Likelihood Principle

What constitutes evidence in science? When we collect data, does its meaning depend solely on the numbers themselves, or also on our intentions for collecting them? This question lies at the heart of a profound and controversial idea in statistics and the philosophy of science: the Likelihood Principle. This principle offers a clear-cut answer, suggesting that the intentions behind an experiment, such as the decision of when to stop collecting data, are irrelevant to the evidence once the data is in hand. However, this seemingly simple idea creates a fundamental schism in statistical practice, challenging the foundations of many widely used methods.

This article delves into this pivotal concept. In the first section, ​​Principles and Mechanisms​​, we will unpack the formal definition of the Likelihood Principle through its core component, the likelihood function, and illustrate the central conflict it creates between frequentist and Bayesian approaches. Subsequently, in ​​Applications and Interdisciplinary Connections​​, we will explore the real-world battlegrounds where this principle matters most, from clinical trial design to the validation of artificial intelligence, revealing its deep implications for how we learn from data.

Imagine you are a detective at the scene of a crime. On a table, you find a single, crucial clue: a handwritten note. Your task is to infer the identity of the person who wrote it. Two scenarios could have led to this discovery. In the first, you were told to search the house for exactly one hour, and in that time, you found only this one note. In the second, you were told to search until you found the first piece of evidence, and this note was it.

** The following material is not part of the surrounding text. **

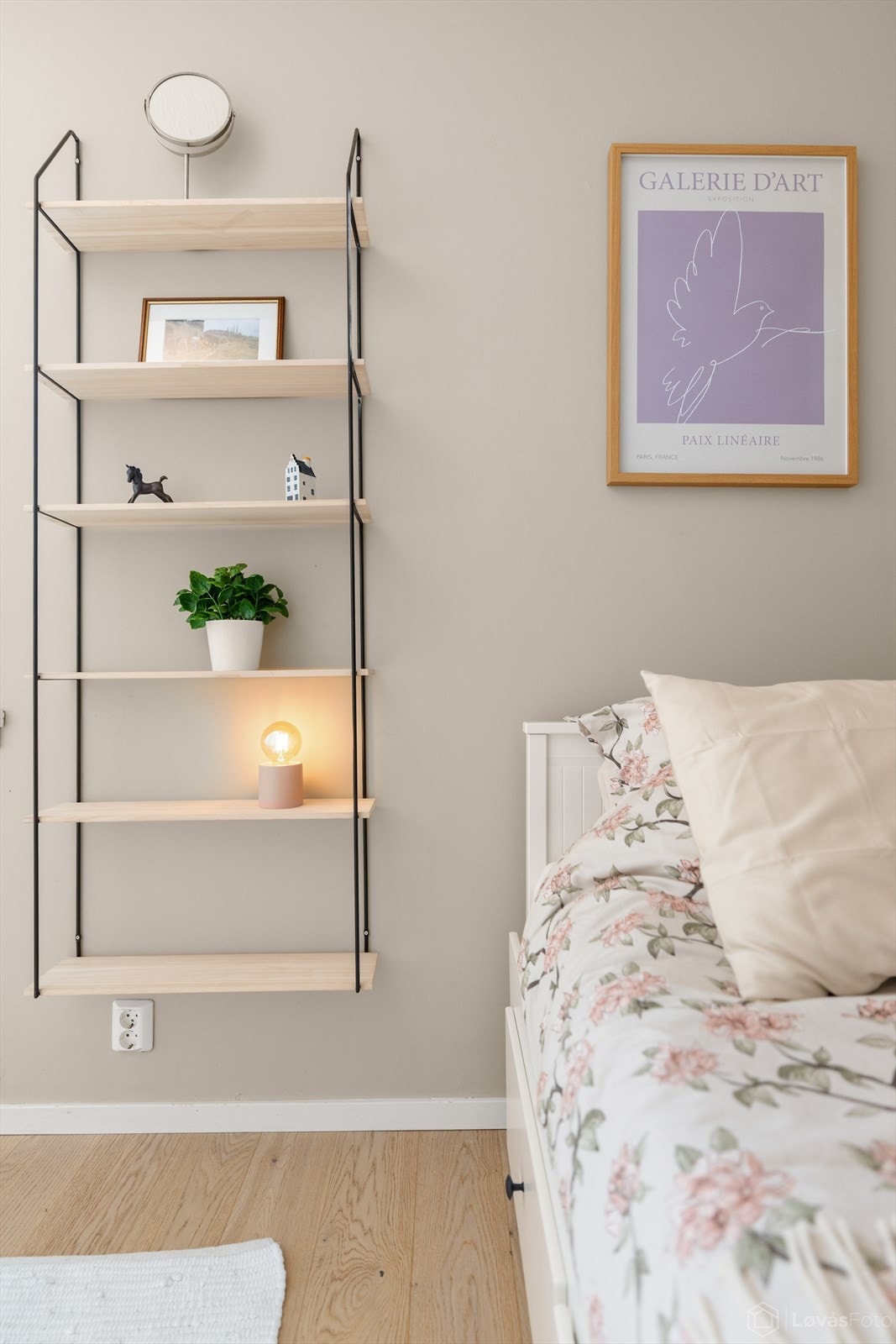 Rommet passer ypperlig som barnerom, gjesterom eller kontor. Galleribilde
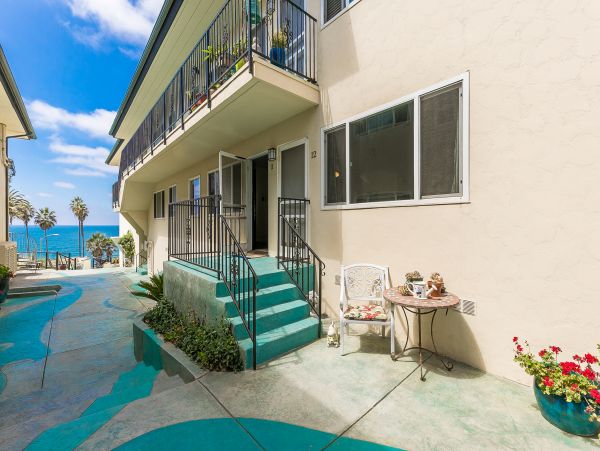 La Jolla Three Bedroom Condo Sleeps 8 Guests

Now, a question that gets to the very heart of scientific reasoning: Does how you were instructed to search change the evidential meaning of the note itself? Once you have the note in your hand, does your search strategy matter for deducing who the author is?

Most people’s intuition screams, "Of course not! The note is the note. Its handwriting, its ink, its message—that's the evidence. My search protocol is irrelevant." If your intuition aligns with this, you have just grasped the spirit of one of the most profound and controversial ideas in the philosophy of science: the ​​Likelihood Principle​​. It is a principle of beautiful simplicity, yet its consequences ripple through the foundations of statistics, drawing a bright line between two major schools of thought.

To formalize this intuition, we need a tool. That tool is the ​​likelihood function​​. It’s a bit of a backward-sounding idea at first, but it's the key to everything. Let's say we're flipping a coin, not to see what comes up, but to deduce the coin's intrinsic nature—its probability of landing heads, a parameter we can call $p$. If $p=0.5$, it's a fair coin; if $p=0.8$, it's heavily biased toward heads. The parameter $p$ is the "culprit" we are trying to identify.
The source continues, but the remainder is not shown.